THE DATA:
□ □ □ □ □ □ □

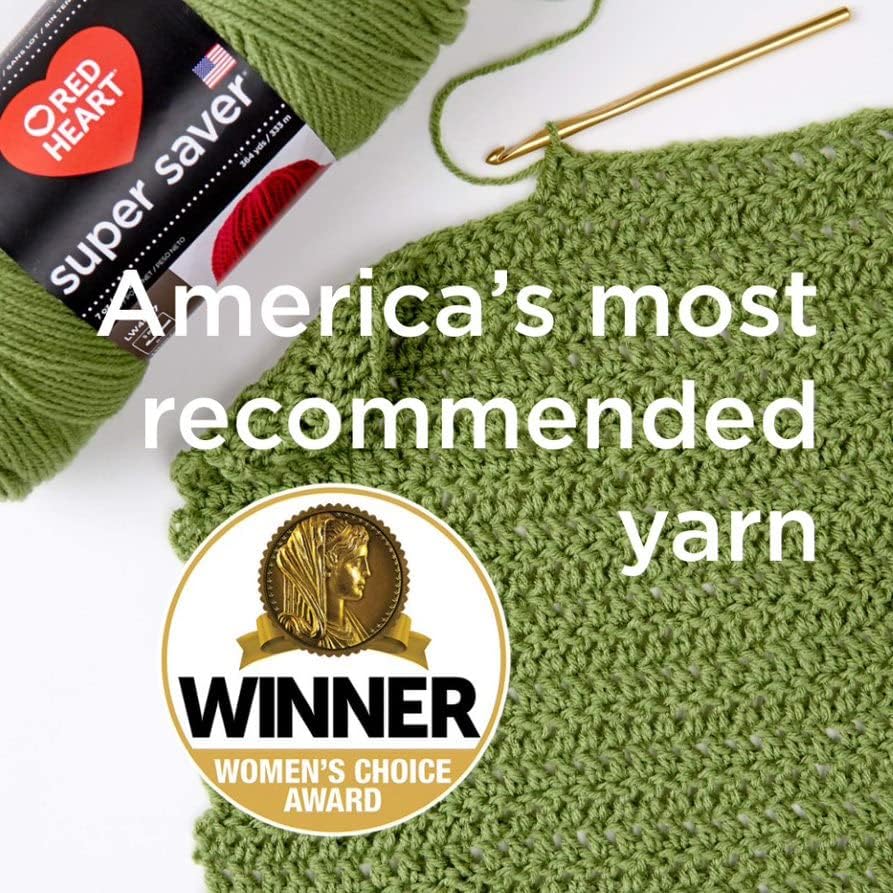 Red Heart Super Saver Ombre Yarn for Crocheting, Navy, 2-Pack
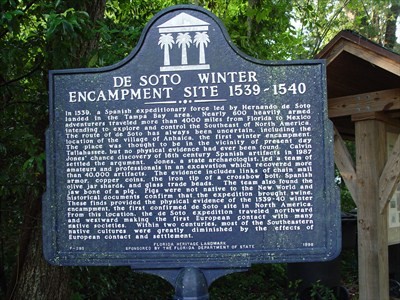 This historical marker describes the history of the site.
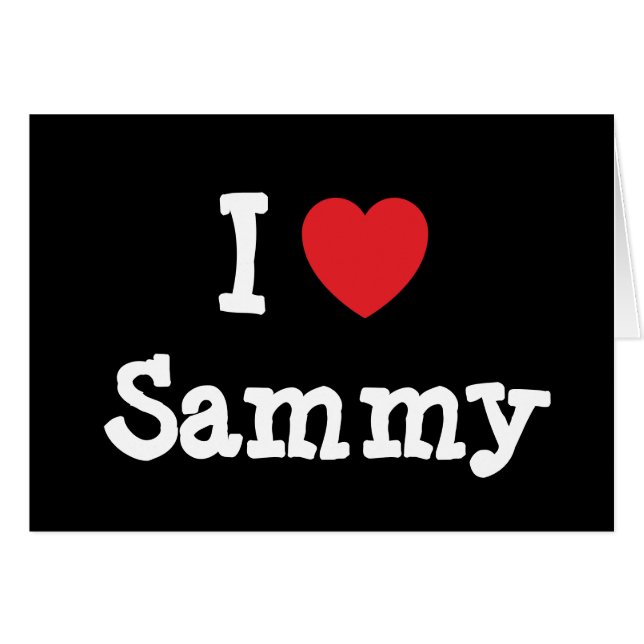 I Liebe Sammy heart T - Shirt (Vorderseite (Horizontal))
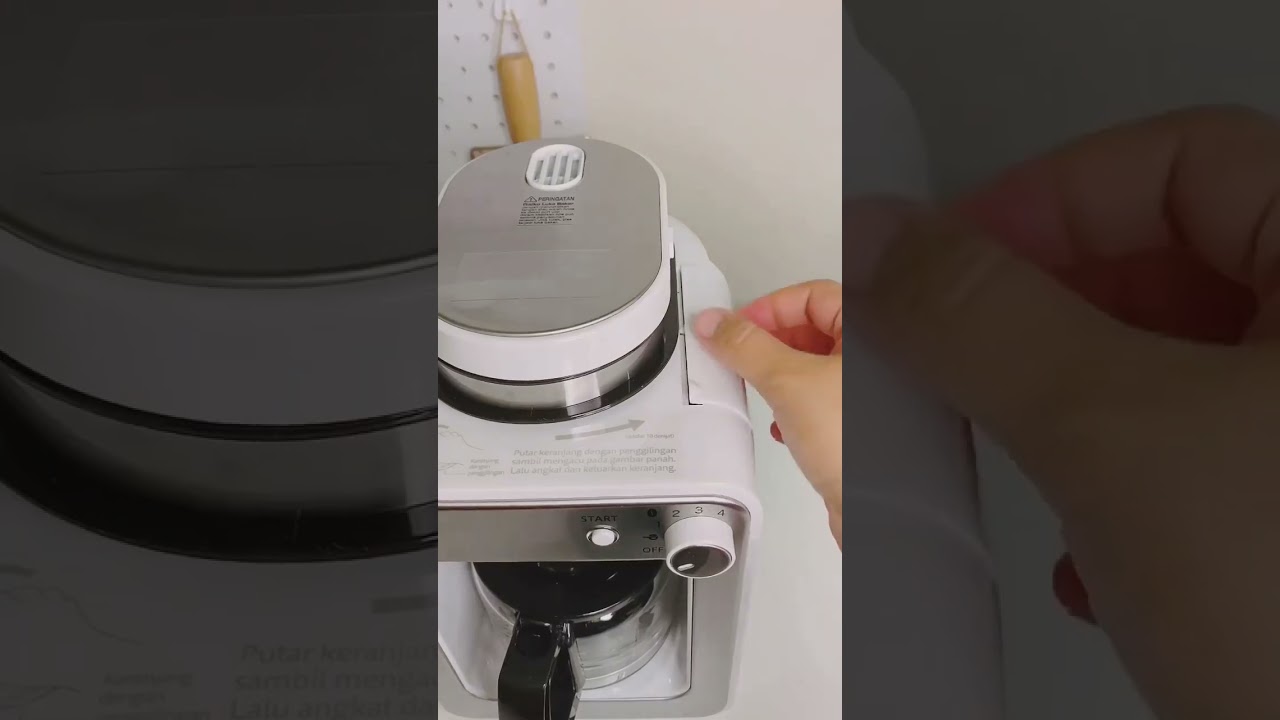 Siroca Coffee Maker adalah mesin kopi otomatis dan praktis #coffeemachine #coffeemaker #siroca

□ □ □ □ □ □ □

BRIEF: Leave out the pictures and output the rest of the material exactly as written.

ANSWER TO THIS TASK:
 Red Heart Super Saver Ombre Yarn for Crocheting, Navy, 2-Pack
 This historical marker describes the history of the site.
 I Liebe Sammy heart T - Shirt (Vorderseite (Horizontal))
 Siroca Coffee Maker adalah mesin kopi otomatis dan praktis #coffeemachine #coffeemaker #siroca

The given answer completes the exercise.